Some call this development "Controlled default" by Greece.Secondly, the world is a flush with massive infusions of cash into the global banking system at negligible rates of interest, thanks to the United States Federal Reserve and the European Central Bank.

Thirdly, crude oil and sundry minerals hitherto devoured by China have given a financial boost to commodity suppliers ranging from Australia and Brazil to South Asia, Iran and the Arab oil producers.

The Russian Republic is also a prime beneficiary due to its oil and gas reserves the prices of which have risen sharply.Be that as it may, several economic trouble spots around the world remind us of the vast problems we still face in restoring and rehabilitating the global financial system and economic health.

To begin with, Chinese premier Wen Jiabao has reportedly cautioned that China must embrace a slower pace of growth and a more progressive political system.

Otherwise, Jiabao fears that the Chinese economy would falter and the difference between the rich and poor will widen which could lead to a social disaster.Jiabao pleaded for a more resilient and flexible growth which should avoid the stupendous rise in property prices and curb inflation risks.

He also appeared very worried about the massive debts piled up by local governments in China which could go to replicate the earlier "Cultural Revolution" and lead to social upheaval in Chinese society.

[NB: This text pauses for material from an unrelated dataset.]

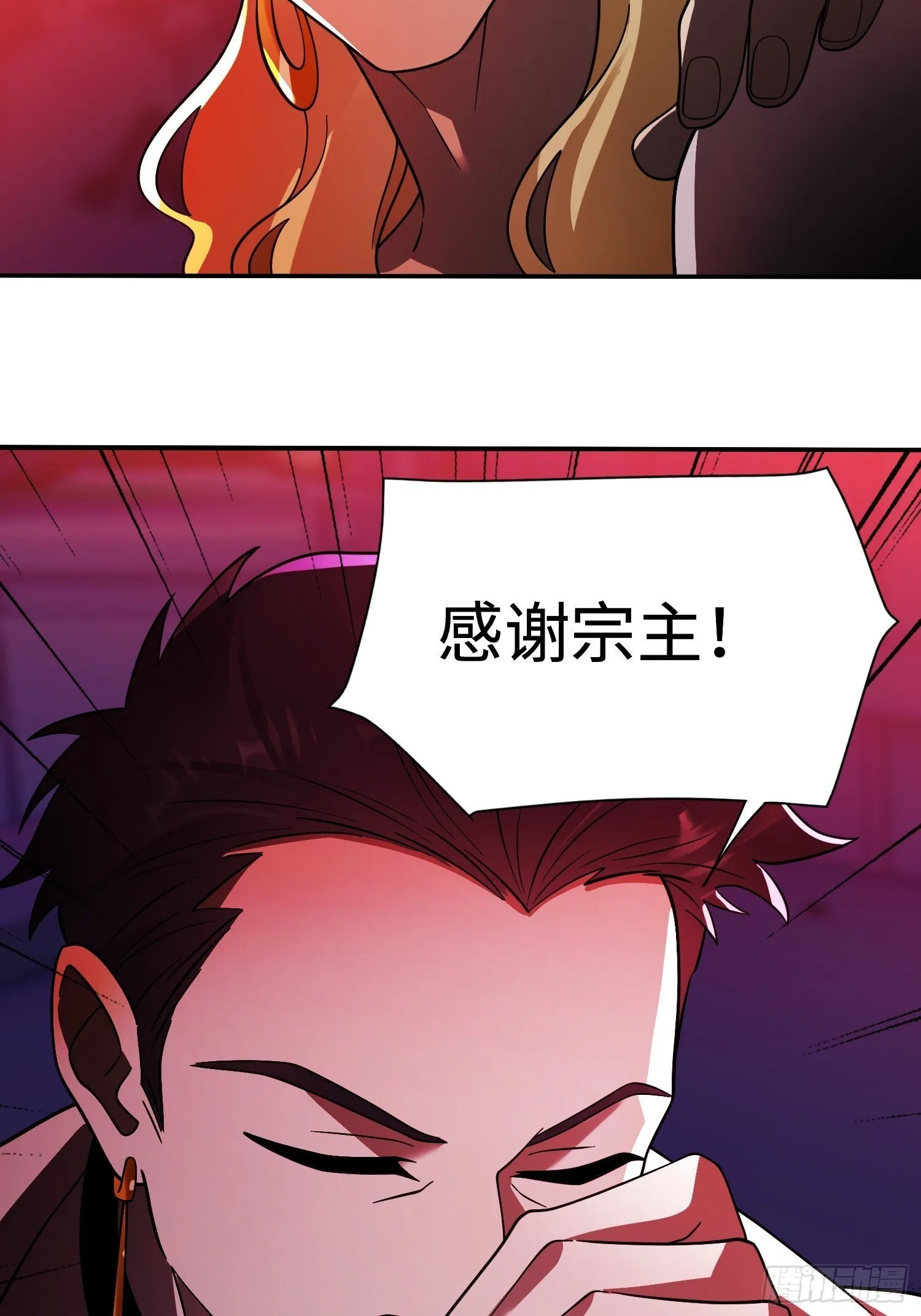第18话 请求 第10页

Gone are the days when China could boast of a double digit economic growth.

If China encounters a hard landing, can the rest of the world bear the ensuing monumental shock it will engenderTo begin with, Shanghai shares are reported to have posted their biggest daily loss this year on last Wednesday.

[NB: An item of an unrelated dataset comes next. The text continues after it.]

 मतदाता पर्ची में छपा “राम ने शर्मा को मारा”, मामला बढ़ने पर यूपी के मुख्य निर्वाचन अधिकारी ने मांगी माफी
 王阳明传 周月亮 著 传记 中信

Hong Kong markets were also dragged down in tandem.

On fears of lowering Chinese demand from the mining sector, Britain's top Index FTSE retreated on last Wednesday.

In the Eurozone, with the rise in energy prices which pulled up the cost of living, inflation may inflict another blow to the Eurozone economy which is still reeling from a stagnant economy which would belie the idea that Europeans debt crisis may start moderating.Many businesses are in ruins in Japan where the bureaucratic delays are aggravating the problem of economic recovery.

Thus the electronics industry in Japan has been badly mauled.

A recent lowering of the value of the Japanese Yen may provide a modicum of relief to the Japanese exporters who are in the forefront of the Japanese economic efforts, but long-term strength of the Yen has hurt the Japanese economy drastically.

Thus there are few signs at present that the health of the global economy will improve in the foreseeable future.